Concepts in the NMR structural analysis of perfluoroalkyl groups: characterization of the bis(n-perfluoroalkyl)zinc compounds: Zn(n-CmF2m+1)2·2THF (m = 4, 6, 7, 8) and Zn(n-C6F13)2·2CH3CN

Two-dimensional NMR spectroscopy was used in the structural characterization of the bis(n-perfluoroalkyl)zinc compounds Zn(Rf)2·2D with Rf=n-C4F9, n-C6F13, n-C7F15, n-C8F17; D=tetrahydrofuran and Rf=n-C6F13; D=acetonitrile. Since 4J(19F,19F) is the strongest coupling occurring in the 19F spin system of n-perfluoroalkyl ligands, CFx groups in 1,3-position could be identified by 19F,19F correlation spectroscopy (COSY).
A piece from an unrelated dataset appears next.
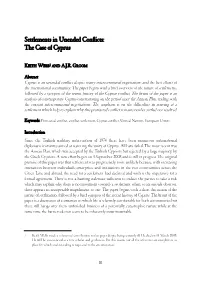 Settlements in Unended Conflicts: the Case of Cyprus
In this way the complete information on neighborhood relations in the n-CmF2m+1 chain is cut into two series of 4J connected CFx groups. Important information how these two series must be joined together was obtained from the assignment of the CF3 group signal (relative intensity), from weak 19F,19F couplings (resulting from interactions via three, five, or even six bonds), and from 1J-13C, 19F correlations, which characterize the α-CF2 group by the typical downfield shift of the metal substituted carbon atom. When this information was not sufficient, 13C,19F correlations via one and two bonds were carried out to identify directly neighboring CFx groups. It was demonstrated that this type of two-dimensional correlation spectroscopy provides an independent and unambiguous possibility to characterize the constitution of perfluoroalkyl groups. From the obtained chemical shift values the following characteristic trends were deduced. The CF3 group exhibits the most downfield and the neighboring CF2 group the most highfield 19F chemical shift values. The subsequent CF2 groups up to the CF2 group in β-position to the Zn atom show increasing δ(19F) values. The resulting sequence of signals is only interrupted by the resonance of the α-CF2 group appearing at a not well-defined position. In the 19F decoupled 13C spectrum the peak of the α-CF2 group constitutes the most downfield shift value. The 13C resonances of the remaining CF2 groups, although falling into a very narrow range, are shifted to higher field with increasing distance from the Zn atom. The signal of the CF3 group, appearing between those of the α- and β-CF2 groups, is well characterized by its chemical shift (very close to 118.8 ppm) and by its different phase in the 13C{19F} DEPT 135 spectrum. Thus, a well-defined relation between 13C chemical shifts and structure was established.